眠ることなく、たえず目覚めてはたらいている、そのようなことは、人間にはできないことである。人間は、肉体は夜の眠りによって、また霊においては、主の平和をいただき、昼間は霊的に目覚めて働く―それがあるべき姿である。
そして、そのような人間をすべての時間において眠ることなく見守って下さっているのが神である。経済的に余裕のある人は、自分の家に何重もの警備設備などをして、外部の人間が侵入できないようにしている。
しかし、魂というものには、いかなるそうした警備も空しい。私たちの心の世界、精神の世界に対する最大の警備は、私たち自身が目覚めていることであるが、いかに目覚めにつとめてもなお人間の弱さがあり、かつて、主イエスが死を目前にしたとき、弟子たちに眠らないで祈っておれ、と命じたにもかかわらず、弟子たちはみな眠り込んでしまったことがある。

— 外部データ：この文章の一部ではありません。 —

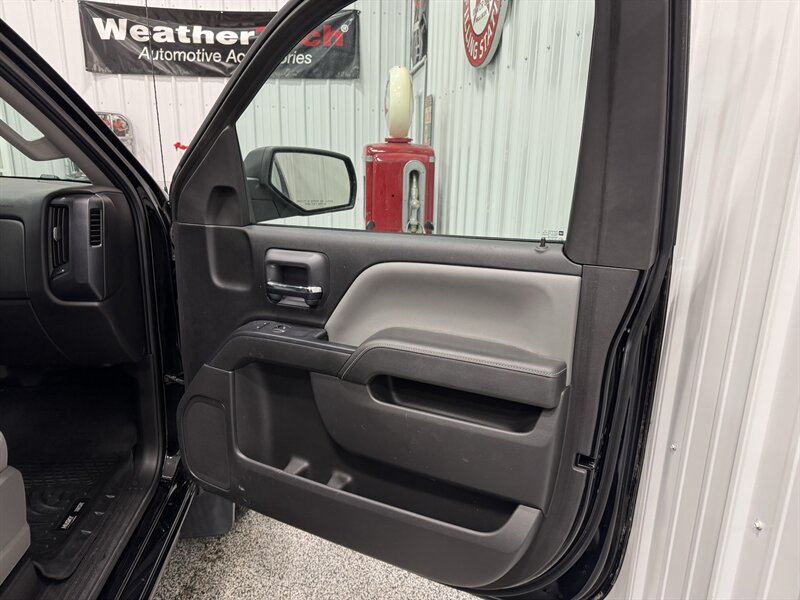 2015 Chevrolet Silverado 1500 LS - Photo 23 - Rochelle, IL 61068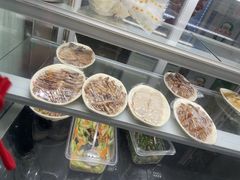 -庆丰包子铺(白塔寺店)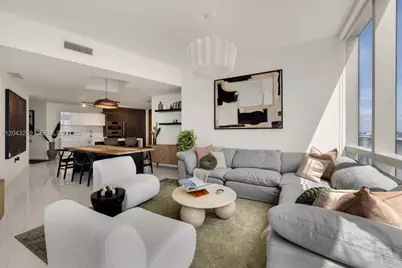 851 NE 1st Ave #3403, Miami, FL 33132 - Photo 11
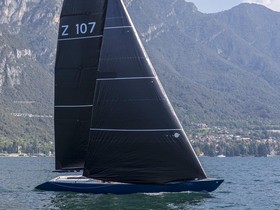 Custom Jean Grobéty 6 Metre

そのような弟子たちを、繰り返し起こしに来たのが、イエスであった。
現在の私たちも同様である。弱い意志と肉体を持っているゆえに、心ならずも眠ってしまう。しかし、いかなるときにも眠ることなく私たちを見守っていて下さるお方がおられる。

…見よ、イスラエルを守る者はまどろむこともなく、眠ることもない。
主はあなたを守る者、主はあなたの右の手をおおう陰である。
主はあなたを守って、すべての災を免れさせ、またあなたの命を守られる。
今からとこしえに至るまで…(詩篇121より)

このような見守り、守ってくださる神を信じ、主のうちにとどまり続けること、そこに私たちの魂の安息があり、また絶えざる目覚めもある。